Have we met before? You look familiar. What's that? Who am I?


Often I am asked to describe myself, on paper, on websites, by people. I never know what to say.


"What does it say about me," I always wondered, "that I don't even know who I am well enough to write a paragraph or two?"


My friends and acquaintances know me by my actions, but websites, papers, and strangers don't know me by my actions. They've never met me. Perhaps you've never met me. After you read this you may or may not want to meet me. If I were you, I can't be sure I would want to meet me. But I don't have that choice.


I make mistakes more than I do right. I don't learn from them ninety percent of the time. Im not particularly good with people, but I'm not bad with them either. If people don't like me it's because they see my faults and not my virtues; I can't blame them because I have more faults than virtues. I see peoples faults more than their virtues too.


But I do have virtues; I try to remind myself of them when I'm feeling down. I'm bad at a lot of useless things and I'm good at a few even more useless things. I can say though that I try to be good at the actually important things. My attempts are feeble. Most of the time I don't even want to be good at the useful things, but I want to want to be good at them. I can say that for sure.


I've been given more opportunities than I can thank others for and I've wasted more opportunities than I've been given. I can't remember a time that I was ever doing everything I should, that I couldn't have done better. But that seems to me to be part of life. That there's always room to grow.

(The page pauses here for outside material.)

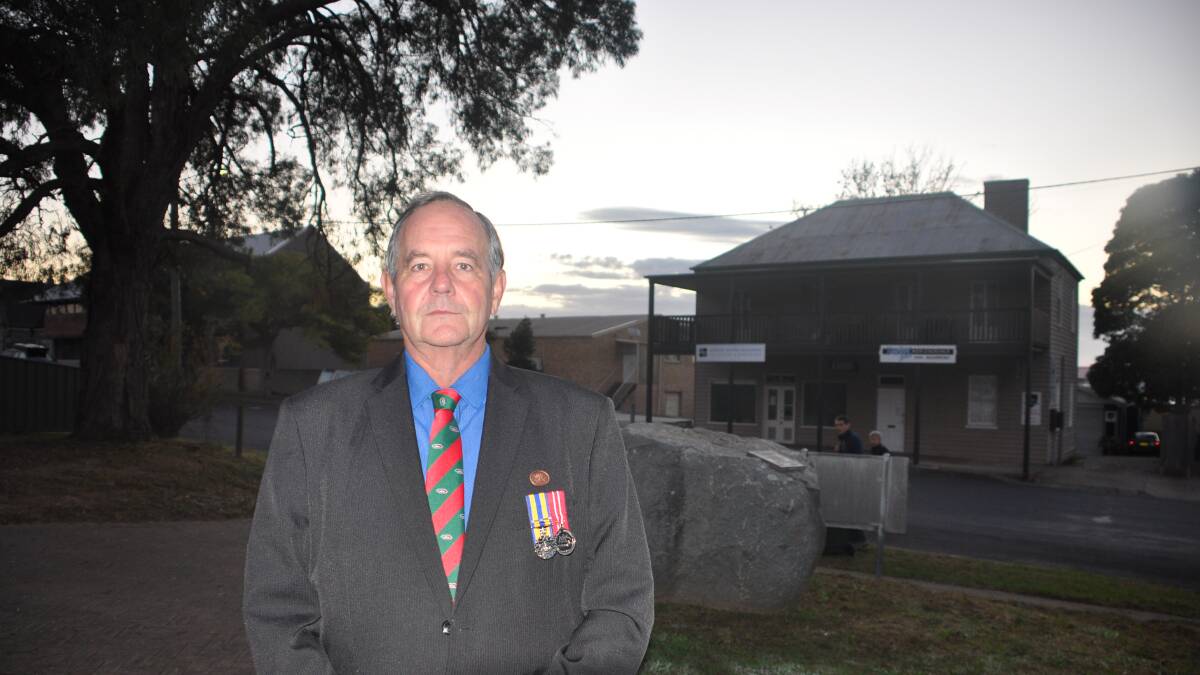 Lindsay Boyton, who served 20 years in the Australian Army, at the Anzac Day dawn service in Moruya.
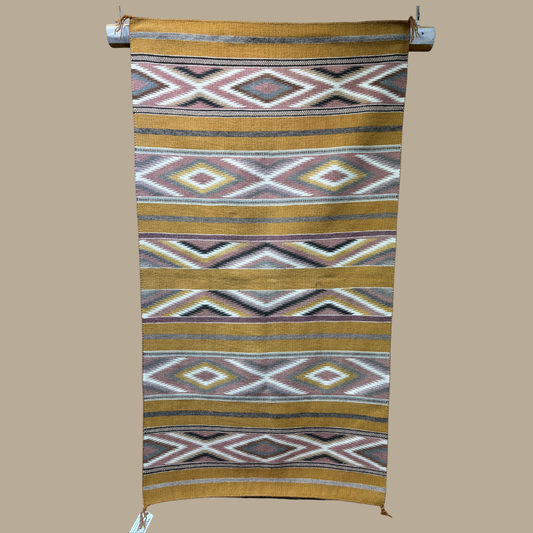 Authentic Wide Ruins Navajo Rug by Anna Ashley | Handmade 64" x 34" Native American Weaving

There's another part of life that I haven't been able to find a way around. In the process of growing up I've had, and I think we all have, to forge our own path. And in doing so it seems at times that I disrespect those that came before me. That by not following their path, I am not grateful to them for offering it to me. So this is me thanking you all, my parents, mentors, teachers, friends, elders, brothers, sisters. I thank you but I must find my own identity, my own way.

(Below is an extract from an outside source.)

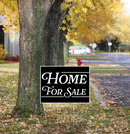 "Home For Sale" Pre Designed Yard Signs | 24"W x 18"H, Double Sided, UV Printed | Choose Quantity | Comes with 6"W x 24"H Metal H-Stakes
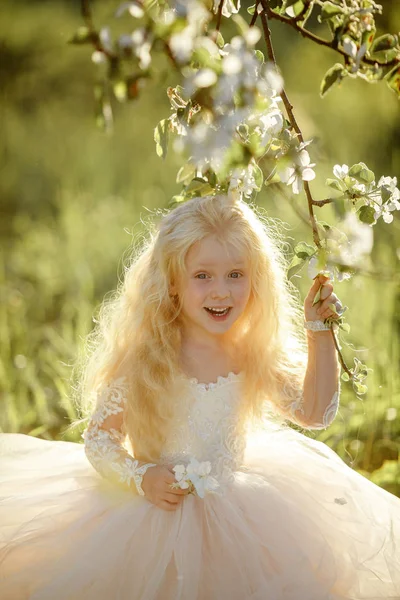 Маленька Дівчинка Білій Сукні Яблучному Парку Заході Сонця Посміхається — стокове фото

I am not what I should be, and I will never reach the limit for what I can be, but I am who I am.


I would give my life for my ideals, my loved ones, and my God. I can only hope that those people who know me will forgive me for what I've done and what I may do.


But I'm sorry, we haven't been formally introduced yet. My name is Balaram Briant. What's your name?

1 comment:

  1. I like your honesty Balaram. When writers look at themselves so honestly it helps readers, like me, look at ourselves honestly too. We all need to keep growing, to appreciate our growth, those who have and will help us grow and to inspire others. I find such honesty very helpful, thanks!